Full unrolling of all 80 iterations increases size by ~3600 bytes.
If you want, you can submit a patch where unrolling is done depending on .config option, following this example in libbb/Config.src:
config MD5_SMALL
int "MD5: Trade bytes for speed (0:fast, 3:slow)"
default 1 # all "fast or small" options default to small
range 0 3
help
Trade binary size versus speed for the md5sum algorithm.

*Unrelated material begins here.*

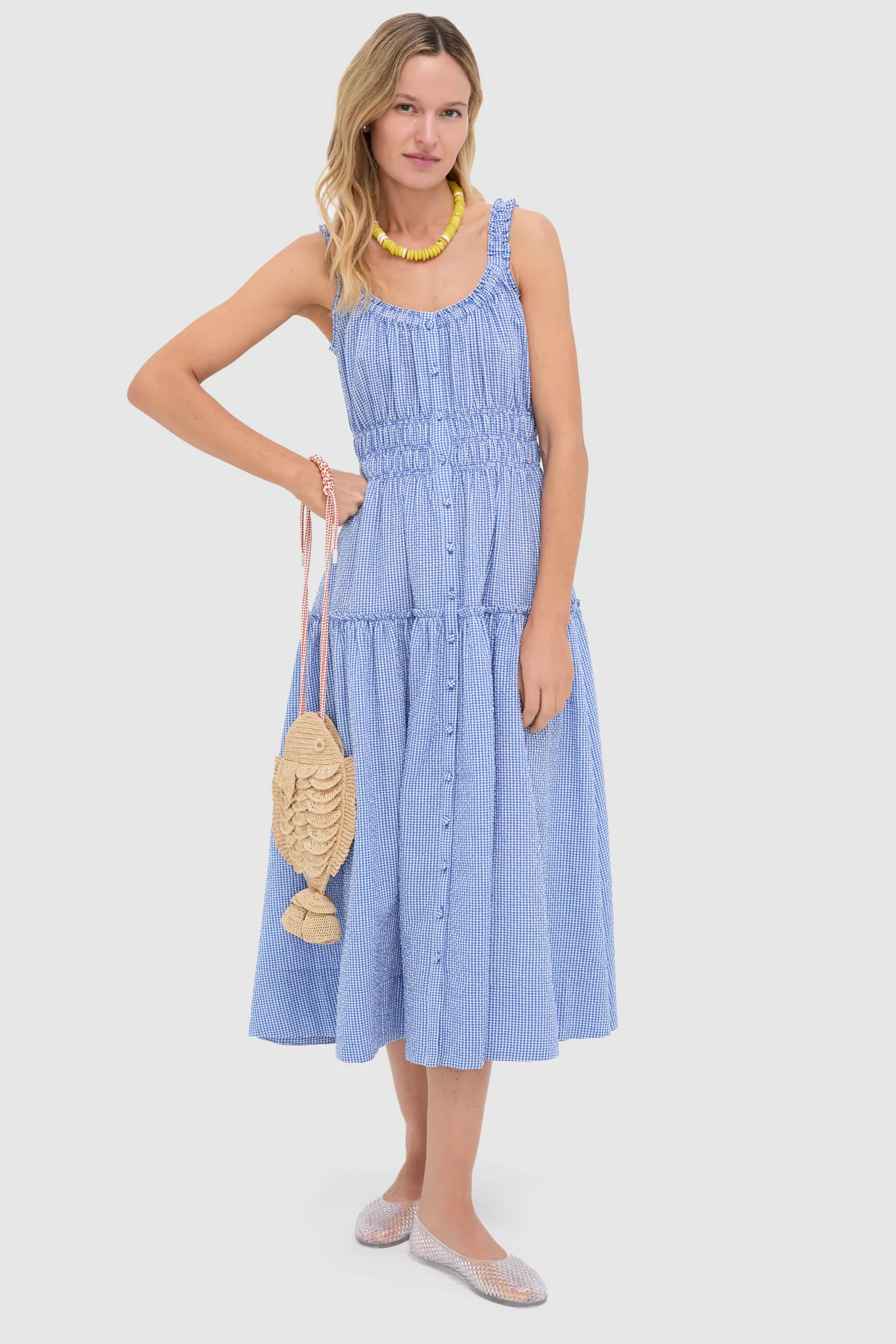 Blue and White Gingham Seersucker Landis Maxi Dress - Image 2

Approximate values running uClibc and hashing
linux-2.4.4.tar.bz2 were:
value user times (sec) text size (386)
0 (fastest) 1.1 6144
1 1.4 5392
2 3.0 5088
3 (smallest) 5.1 4912
I'm not sure which is 'outer' loop. In busybox code the outermost loop is for (i = 0; i < 4; i++). In my opinion unrolling it is also worth it (but unrolling full 80 stages is more drastic performance and size jump). I unrolled it in busybox messily (there still is one if with goto in stage 1) by copy pasting entire body of the loop 4 times and deleting parts not relevant to given i value for that copy. Time for 1 GB went from 5.3 to 4.7 (I'm eyeballing but it's 100% noticeable even with random fluctuations of 0.1-0.3 between runs) sha1_process_block64 size went from 361 to 672. Executable size stayed at 976568. I'm guessing it's because code is denser when generated per stage (constant inlined, no ifs and jumps). Here's a commit I also made to test rolling my 80 steps back into 4 for loops of 20: https://github.com/FRex/blasha1/commit/c5a3e5d5d6d0e85f73934e2446fa56fcbc95adeb 1 GB file on Fedora VM takes (in order: my code, my rolled code, busybox, busybox unrolled 4 for loops): 2.4, 4, 5.3, 4.7 On Windows (I didn't test unrolled 4 for loop busybox): 2.4, 3.6, 5.5 Fixed in git, please test. Yes, CONFIG_SHA1_SMALL 0 and 1 improve performance as expected. Thank you. |